On peut distinguer ainsi l’organisation du type Le Parrain 2, avec une structure pyramidale centralisée dirigée par Michael Corleone et fonctionnant comme un conglomérat d’activités diversifiées, parfois légales. Cette centralisation a ses vertus comme la possibilité de concentrer des moyens importants sur des points jugés décisifs par le chef. Elle a aussi ses défauts. L’efficacité de l’ensemble dépend des qualités propres du chef mais aussi de celle des informations qu’il reçoit. Or, les informations viennent de lieutenants qui ont leurs objectifs propres, dont le premier est la survie, qui incite à ne pas déplaire au chef en lui annonçant de mauvaises nouvelles, et le second est de faire plus de bénéfices, qui incite poursuivre ses propres affaires à l’insu du chef voire en même en contradiction avec lui. Ce système fonctionne bien lorsque le chef est bon, qu’il est entouré de bons conseillers et que les lieutenants sont loyaux et honnêtes ( !) dans leurs comptes rendus. Même ainsi l’ensemble reste lourd et lent mais il est puissant.
A l’opposé de ce modèle on trouve la petite équipe très professionnelle de Heat dirigée par Neil Mc Cauley (De Niro). Le gang est une entreprise très dynamique et très réactive avec les avantages des groupes cohérents : confiance, connaissance mutuelle, spécialisation. Par amitié, par intérêt (les rémunérations sont au mérite) et parce que le contrôle du chef est direct, chacun est incité à se donner à fond. En revanche, les moyens, et donc les ambitions, restent limités et la moindre erreur peut signifier la fin du groupe.
Un troisième modèle est proposé dans Réservoir Dogs, où un groupe d’individus se réunit pour un travail ponctuel avant de se disperser. Comme pour la réalisation d’un film, on y recrute des gens avec des compétences spécifiques afin de coller au mieux aux besoins de la mission.

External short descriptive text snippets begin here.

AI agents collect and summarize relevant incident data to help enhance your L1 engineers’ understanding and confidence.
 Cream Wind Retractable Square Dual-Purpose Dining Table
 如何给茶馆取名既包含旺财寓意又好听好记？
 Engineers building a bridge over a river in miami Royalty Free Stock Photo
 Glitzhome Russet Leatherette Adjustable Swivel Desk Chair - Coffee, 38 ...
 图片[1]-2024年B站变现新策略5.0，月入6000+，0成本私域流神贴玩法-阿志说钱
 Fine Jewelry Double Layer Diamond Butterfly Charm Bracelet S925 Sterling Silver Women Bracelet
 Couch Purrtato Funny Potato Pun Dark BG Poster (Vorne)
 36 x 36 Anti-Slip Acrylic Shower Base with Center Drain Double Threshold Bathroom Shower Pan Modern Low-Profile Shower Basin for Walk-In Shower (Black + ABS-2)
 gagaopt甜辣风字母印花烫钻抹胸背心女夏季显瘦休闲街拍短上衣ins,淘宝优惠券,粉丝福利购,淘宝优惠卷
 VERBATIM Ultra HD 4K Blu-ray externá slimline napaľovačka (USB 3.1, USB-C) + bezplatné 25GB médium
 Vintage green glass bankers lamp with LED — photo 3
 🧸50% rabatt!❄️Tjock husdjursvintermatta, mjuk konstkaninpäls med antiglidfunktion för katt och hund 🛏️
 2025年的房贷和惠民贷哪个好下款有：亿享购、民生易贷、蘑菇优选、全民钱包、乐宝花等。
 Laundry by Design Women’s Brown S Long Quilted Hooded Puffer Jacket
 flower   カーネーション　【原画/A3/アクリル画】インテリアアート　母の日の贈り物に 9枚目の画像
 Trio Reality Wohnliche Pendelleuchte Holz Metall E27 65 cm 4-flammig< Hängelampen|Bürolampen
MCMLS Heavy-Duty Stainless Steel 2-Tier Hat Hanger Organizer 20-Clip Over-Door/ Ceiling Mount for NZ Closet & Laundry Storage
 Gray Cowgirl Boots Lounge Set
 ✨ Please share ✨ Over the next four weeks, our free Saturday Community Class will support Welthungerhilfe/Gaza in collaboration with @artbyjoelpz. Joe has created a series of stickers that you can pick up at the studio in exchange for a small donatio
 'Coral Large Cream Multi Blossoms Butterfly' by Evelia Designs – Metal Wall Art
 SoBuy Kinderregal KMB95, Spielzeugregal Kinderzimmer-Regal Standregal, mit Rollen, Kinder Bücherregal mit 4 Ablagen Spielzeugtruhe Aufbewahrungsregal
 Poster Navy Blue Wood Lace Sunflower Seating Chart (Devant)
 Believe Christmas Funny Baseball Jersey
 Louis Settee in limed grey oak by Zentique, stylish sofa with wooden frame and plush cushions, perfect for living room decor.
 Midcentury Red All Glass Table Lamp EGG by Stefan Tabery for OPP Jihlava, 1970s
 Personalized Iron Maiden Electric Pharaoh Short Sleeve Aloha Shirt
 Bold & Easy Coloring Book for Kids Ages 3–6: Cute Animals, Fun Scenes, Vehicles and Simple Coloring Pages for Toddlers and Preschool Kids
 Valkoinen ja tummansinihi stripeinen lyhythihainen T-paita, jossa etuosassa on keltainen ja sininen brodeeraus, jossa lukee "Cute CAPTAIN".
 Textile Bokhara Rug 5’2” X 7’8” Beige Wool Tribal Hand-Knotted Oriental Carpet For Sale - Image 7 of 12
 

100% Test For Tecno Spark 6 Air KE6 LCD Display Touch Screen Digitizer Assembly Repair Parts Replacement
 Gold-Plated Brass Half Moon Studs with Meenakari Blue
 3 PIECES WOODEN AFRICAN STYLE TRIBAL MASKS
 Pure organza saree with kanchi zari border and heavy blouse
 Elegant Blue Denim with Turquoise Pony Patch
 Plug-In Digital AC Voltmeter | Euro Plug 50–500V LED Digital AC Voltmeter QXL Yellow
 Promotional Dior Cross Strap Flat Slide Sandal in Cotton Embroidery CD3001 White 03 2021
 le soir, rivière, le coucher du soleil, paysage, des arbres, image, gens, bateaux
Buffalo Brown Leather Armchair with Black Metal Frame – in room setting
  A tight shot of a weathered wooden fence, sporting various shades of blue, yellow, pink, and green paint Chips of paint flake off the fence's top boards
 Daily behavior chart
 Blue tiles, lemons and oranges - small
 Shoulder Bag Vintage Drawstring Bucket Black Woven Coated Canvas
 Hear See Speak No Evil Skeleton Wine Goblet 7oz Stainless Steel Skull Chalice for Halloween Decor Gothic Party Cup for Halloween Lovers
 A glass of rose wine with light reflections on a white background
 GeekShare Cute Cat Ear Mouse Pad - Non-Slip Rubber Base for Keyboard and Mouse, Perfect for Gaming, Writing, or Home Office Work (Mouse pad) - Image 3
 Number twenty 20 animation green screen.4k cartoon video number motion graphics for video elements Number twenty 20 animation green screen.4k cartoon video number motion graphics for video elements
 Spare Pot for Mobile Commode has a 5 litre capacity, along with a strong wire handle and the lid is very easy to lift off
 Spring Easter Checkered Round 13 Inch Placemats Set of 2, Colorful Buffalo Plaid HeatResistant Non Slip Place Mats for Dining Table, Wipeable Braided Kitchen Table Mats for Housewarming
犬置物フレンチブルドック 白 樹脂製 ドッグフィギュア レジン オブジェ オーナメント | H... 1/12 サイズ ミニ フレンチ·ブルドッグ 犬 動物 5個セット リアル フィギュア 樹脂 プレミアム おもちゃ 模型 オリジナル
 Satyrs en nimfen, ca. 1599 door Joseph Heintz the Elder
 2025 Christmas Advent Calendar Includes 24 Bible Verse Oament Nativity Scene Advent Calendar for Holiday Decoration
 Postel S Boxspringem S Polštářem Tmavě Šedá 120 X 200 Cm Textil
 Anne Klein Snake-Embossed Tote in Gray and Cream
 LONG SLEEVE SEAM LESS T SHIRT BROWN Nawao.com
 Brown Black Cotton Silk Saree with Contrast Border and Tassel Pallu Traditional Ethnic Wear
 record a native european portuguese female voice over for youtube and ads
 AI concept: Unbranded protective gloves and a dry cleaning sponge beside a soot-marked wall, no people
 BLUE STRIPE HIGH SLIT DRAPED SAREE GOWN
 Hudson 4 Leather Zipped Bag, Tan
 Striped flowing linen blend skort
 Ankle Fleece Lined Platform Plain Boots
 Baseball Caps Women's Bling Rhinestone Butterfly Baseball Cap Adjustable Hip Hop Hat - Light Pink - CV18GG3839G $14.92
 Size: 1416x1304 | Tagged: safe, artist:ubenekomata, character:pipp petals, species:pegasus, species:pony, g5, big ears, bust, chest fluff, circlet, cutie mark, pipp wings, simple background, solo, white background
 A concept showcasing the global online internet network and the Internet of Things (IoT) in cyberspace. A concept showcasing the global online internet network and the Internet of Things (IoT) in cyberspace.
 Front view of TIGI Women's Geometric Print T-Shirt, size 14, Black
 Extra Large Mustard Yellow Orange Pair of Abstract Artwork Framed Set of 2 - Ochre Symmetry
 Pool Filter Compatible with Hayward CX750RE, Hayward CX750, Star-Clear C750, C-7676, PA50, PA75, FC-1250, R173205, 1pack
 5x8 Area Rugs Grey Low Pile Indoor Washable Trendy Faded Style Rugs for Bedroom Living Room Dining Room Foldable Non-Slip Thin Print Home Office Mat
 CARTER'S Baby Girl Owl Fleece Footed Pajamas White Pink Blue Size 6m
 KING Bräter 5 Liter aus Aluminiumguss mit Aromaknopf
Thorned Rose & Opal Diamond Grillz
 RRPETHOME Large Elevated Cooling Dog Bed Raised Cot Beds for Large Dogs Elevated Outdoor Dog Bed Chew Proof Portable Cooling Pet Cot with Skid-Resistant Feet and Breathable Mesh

Le financement se trouve limité au temps de la mission mais le problème est que la création et la gestion de ce type de structure induit des coûts de transaction. Il faut du temps pour réunir le groupe et mettre en place les procédures qui permettront d’avoir confiance les uns dans les autres.
Les grandes organisations et notamment les armées cherchent à combiner les avantages de ces trois structures. Elles sont toutes hiérarchisées et pyramidales du fait de leur taille mais elles fonctionnent à partir d’unités de combat soudées et font appel à des compétences extérieures grâce notamment aux réservistes. Bien entendu tout cela fonctionne plus ou moins bien car ces approches sont en partie contradictoires et chaque organisation à tendance à en privilégier une.
Parmi les armées privilégiant l’« approche Parrain », l’armée soviétique de la Seconde Guerre mondiale est un exemple de structure centralisée fonctionnant correctement, à partir de 1942 au moins. Le haut-commandement, la Stavka, reçoit de nombreux comptes rendus de la base, fait évoluer d’un bloc structures et règlements et planifie de plus en plus magistralement de grandes opérations. C’est lent, parfois coûteux, mais c’est inexorable. L’armée japonaise de la même époque est un exemple inverse. Les commandants de théâtre ont tellement honte des échecs lorsqu’ils surviennent qu’ils oublient souvent d’en faire part ou transforment considérablement la réalité des faits. L’état-major de Tokyo est de plus en plus coupé des réalités au fur et à mesure de l’avancée de la guerre et l’armée japonaise se rigidifie.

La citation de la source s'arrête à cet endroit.